Records from a collection
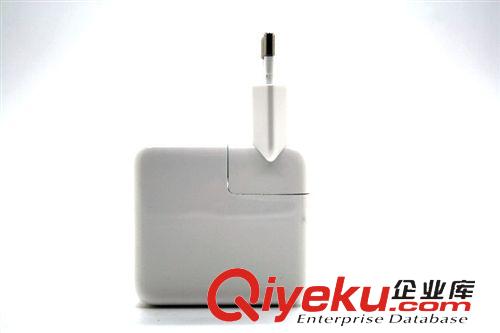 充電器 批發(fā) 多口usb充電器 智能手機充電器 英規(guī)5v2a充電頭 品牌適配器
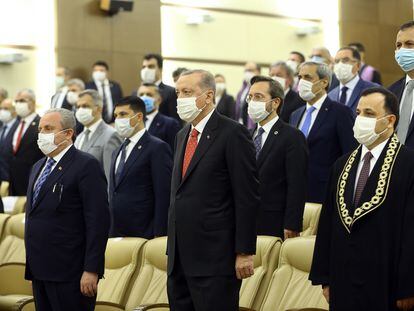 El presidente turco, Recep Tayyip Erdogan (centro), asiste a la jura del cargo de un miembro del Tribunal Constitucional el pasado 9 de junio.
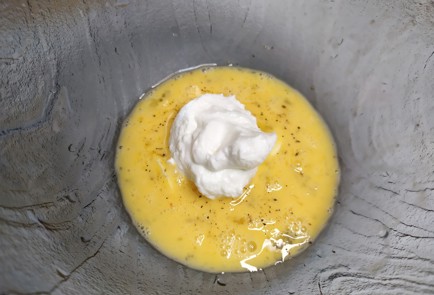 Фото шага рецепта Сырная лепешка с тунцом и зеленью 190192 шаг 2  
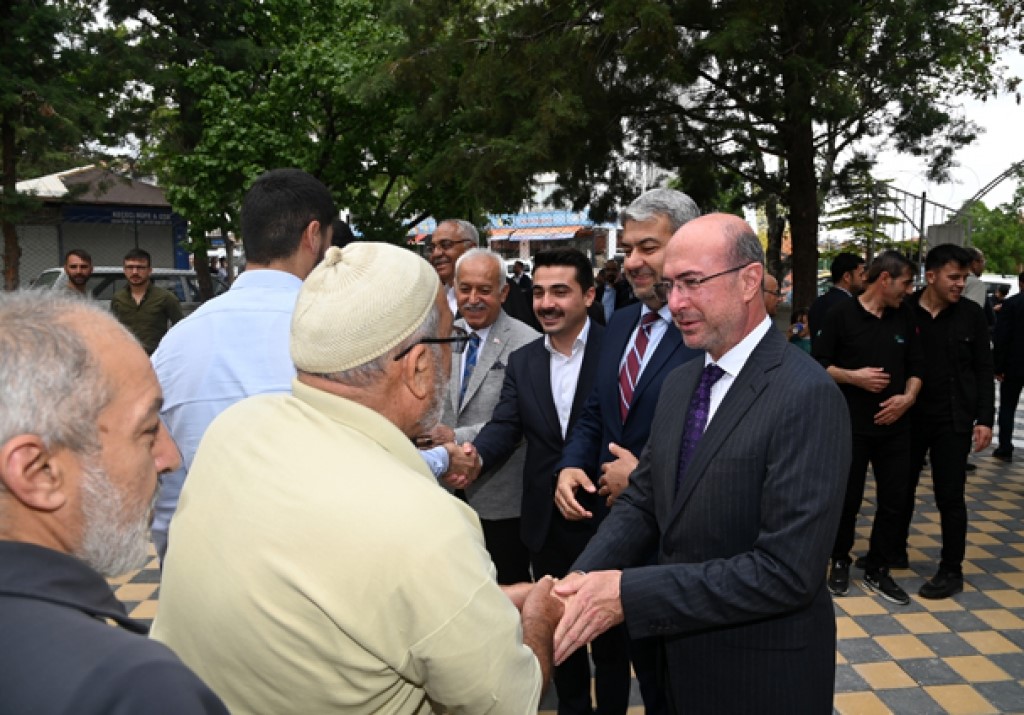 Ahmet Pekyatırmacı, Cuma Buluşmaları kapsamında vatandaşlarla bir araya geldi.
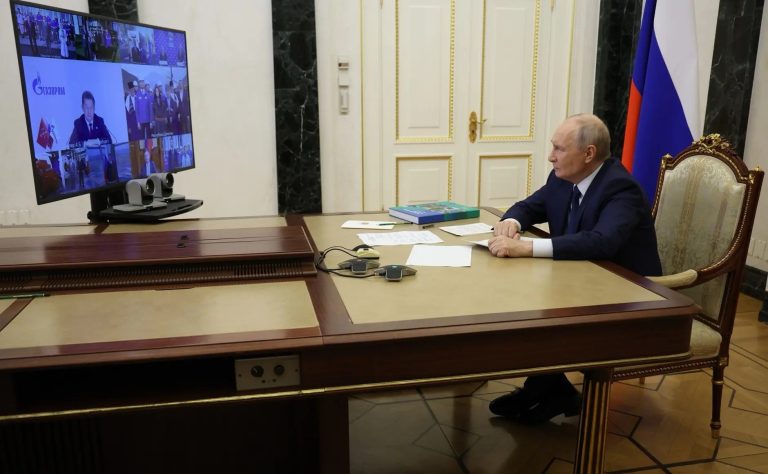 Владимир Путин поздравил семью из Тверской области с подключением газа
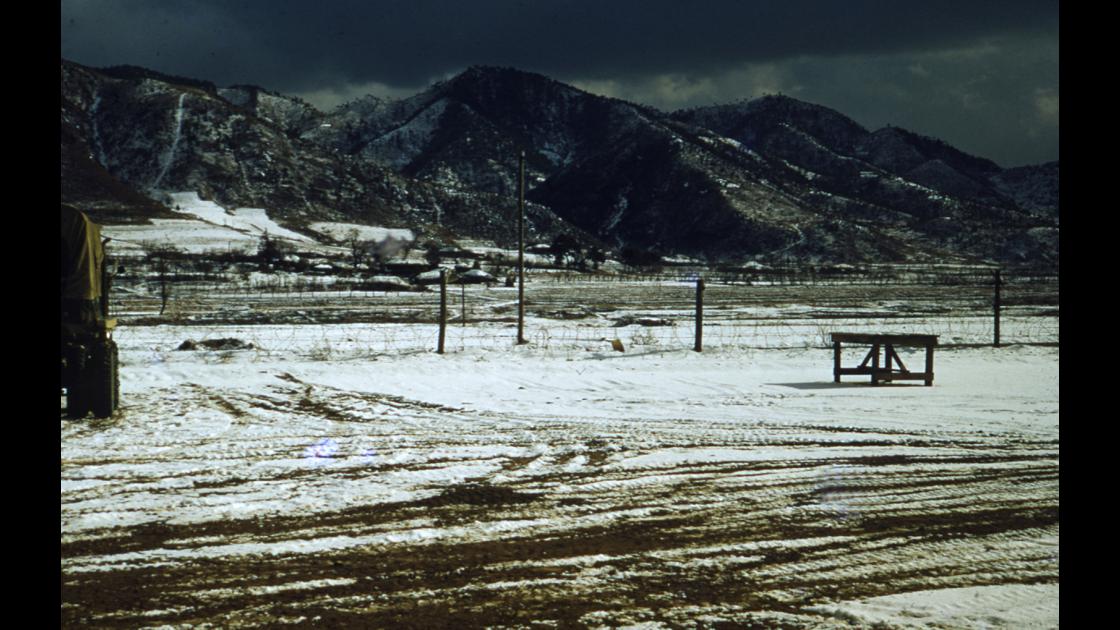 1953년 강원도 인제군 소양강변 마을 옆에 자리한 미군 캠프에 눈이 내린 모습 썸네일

| TASK TO COMPLETE |
Give back the data exactly. Skip any images.

| SOLUTION TO THE EXERCISE |
 充電器 批發(fā) 多口usb充電器 智能手機充電器 英規(guī)5v2a充電頭 品牌適配器
 El presidente turco, Recep Tayyip Erdogan (centro), asiste a la jura del cargo de un miembro del Tribunal Constitucional el pasado 9 de junio.
 Фото шага рецепта Сырная лепешка с тунцом и зеленью 190192 шаг 2  
 Ahmet Pekyatırmacı, Cuma Buluşmaları kapsamında vatandaşlarla bir araya geldi.
 Владимир Путин поздравил семью из Тверской области с подключением газа
 1953년 강원도 인제군 소양강변 마을 옆에 자리한 미군 캠프에 눈이 내린 모습 썸네일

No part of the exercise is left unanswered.